Even though we have 100 shiraz vines here, we haven't been able to use any of the grapes for three seasons. Too wet, and the grapes have succumbed to fungus. Meanwhile, our 20 or so chambourcin vines go ok in the wet, but produce too few grapes to do anything meaningful with them. We just eat them and give them away as table grapes.
Lesson for new players: don't grow shiraz in a humid climate. It just doesn't work.
While we procrastinate over what to do with 100 shiraz vines, we've been buying grapes for the last three seasons. In 2010, we made grenache shiraz mouvedre known in the wine trade as GSM. Last year we bought in Merlot. This year its cabernet sauvignon. Action Man, chief winemaker (I am the sidekick and critic), reckons it is the best wine he has made yet. All the readings have been textbook, but by the main reading ie. tasting, I would have to agree with him.
Pressing was on Saturday and AM had a few people over as an audience.
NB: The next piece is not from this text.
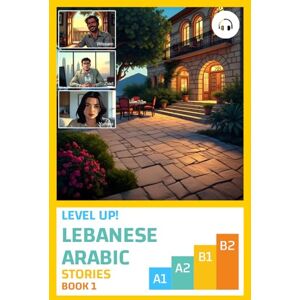 Aldrich, Matthew Level Up! Lebanese Arabic Stories (Book 1) Aldrich, Matthew Level Up! Lebanese Arabic Stories (Book 1)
Fortunately, because he had a major back spasm during the process and the audience became the winemakers that day at least. Since AM has been dubbed Inaction Man, as he has been literally laid low.

Friday, March 23, 2012

A bit of mincing

I'd been wanting to buy a mincer for quite a while, but hadn't really found anything until two weeks ago, out checking out my local town shops with Libby.
"Going to do a bit of mincing, are we?" the (gay) shopkeeper asked with a bit of a wink.
Well, yes pal, but not the mincing you're thinking about.
I've used it a few times now, but not to mince meat, yet. A friend of mine who was born in Jordan makes the most amazing hummus. Smooth and creamy, not like mine which always seems a bit dry.
When I asked about her recipe, I checked off the ingredients. Chickpeas, check. Tahini, check. Salt, lemon juice, garlic, check, check check.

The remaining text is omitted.